The positive outcome of the early spring G-20 economic summit in London is that all participating heads of state agreed that government intervention by way of recapitalising failing banks, underwriting bank loans to deserving businesses and  increased government spending — even at the risk of ballooning fiscal deficits — is the broad spectrum prescription for reviving failing business confidence and faith in faltering credit systems around the world.

By accident rather than design India’s banking system — dominated by the country’s 28 pathologically risk-averse nationalised banks — has escaped largely unscathed in the global banking crisis. Nevertheless they have become more cautious about lending, because stock market indices have plunged and business confidence shaken by falling exports and exposure to foreign banks has been adversely affected. The impact of the global economic crisis on the Indian economy is reflected in over a million jobs already lost, and GDP growth in fiscal 2008-09 plunging to 5 percent, against the forecast of 9 percent at the beginning of the year.
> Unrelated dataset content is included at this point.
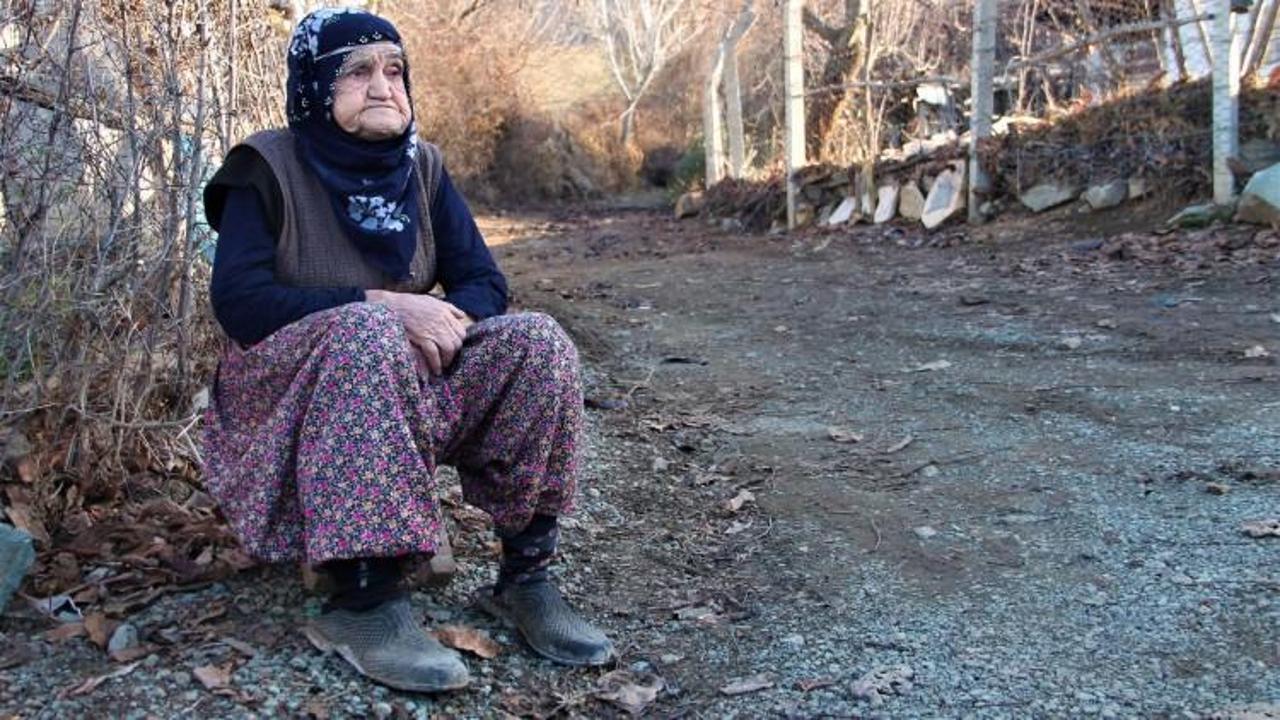  G&uuml;ll&uuml; nine, 1 yıldır kayıp olan eşini bekliyor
Against this backdrop the best course for the Union finance ministry, which is preoccupied with cutting interest rates and futilely exhorting naturally risk-averse banks to loosen tight credit dispensation norms, is to address several governance issues which, if handled with modicum competence, could add several percentage points to annual GDP growth. Foremost among them: improving the efficiency of the law, order and justice delivery systems because lack of secure business environments and prolonged delays in enforceability of contracts slows credit flow as much as high interest rates.
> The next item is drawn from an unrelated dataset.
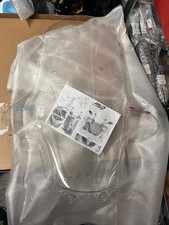 Parabrezza “medio”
Shockingly despite a massive logjam of 25 million cases pending in its courts, contemporary India is equipped with a mere 13 judges per million people, as against 105 in the United States and 60 in the UK. And whereas the UK expends 4 percent of its GDP annually on maintenance of its superb justice delivery system, democratic India, which professes to be ruled by law, spends a mere 0.34 percent of GDP annually on its judicial system. It’s high time India’s me-too central planners and finance mandarins became aware that the law’s agonising delay and uncertainty about enforceability of contracts, also generates risk aversion and slows economic growth. The faltering Indian economy requires post-modern country and culture specific solutions, rather than inappropriate knee-jerk prescriptions imported from abroad.